*Aim of the exercise*
Your output should be each line from the material below that has the word "ubytování".

*Exercise data*
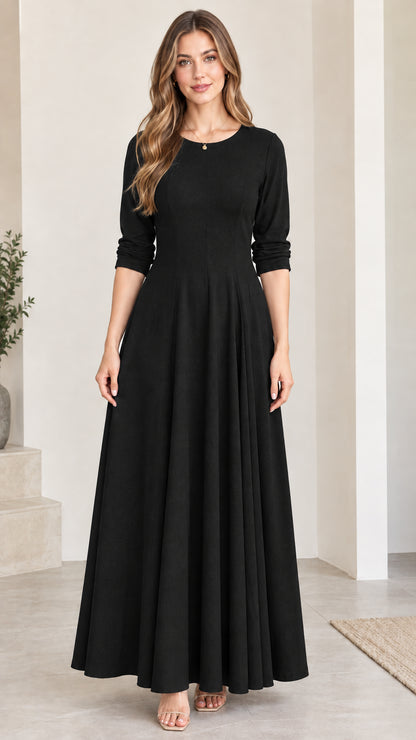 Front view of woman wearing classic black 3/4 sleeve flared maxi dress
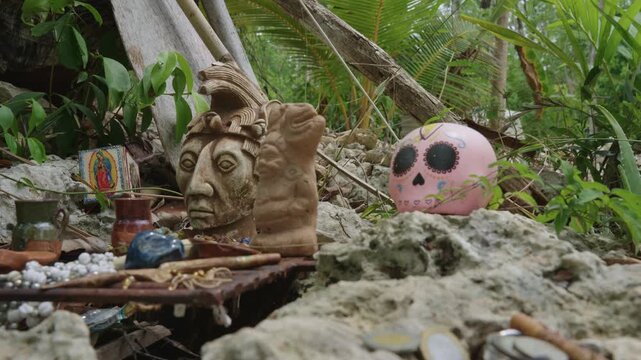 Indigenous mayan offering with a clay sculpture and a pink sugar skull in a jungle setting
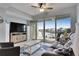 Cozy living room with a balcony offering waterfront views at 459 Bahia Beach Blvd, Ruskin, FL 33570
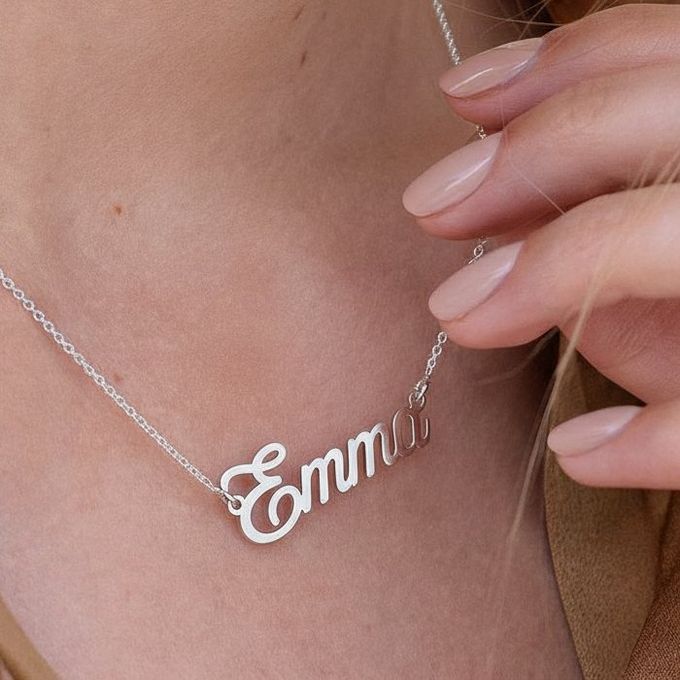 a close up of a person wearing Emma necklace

==

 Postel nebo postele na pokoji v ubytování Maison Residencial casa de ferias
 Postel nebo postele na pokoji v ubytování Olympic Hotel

==

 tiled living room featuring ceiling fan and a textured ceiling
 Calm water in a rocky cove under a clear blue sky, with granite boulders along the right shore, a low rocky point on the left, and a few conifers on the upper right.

*Response to this exercise*
 Postel nebo postele na pokoji v ubytování Maison Residencial casa de ferias
 Postel nebo postele na pokoji v ubytování Olympic Hotel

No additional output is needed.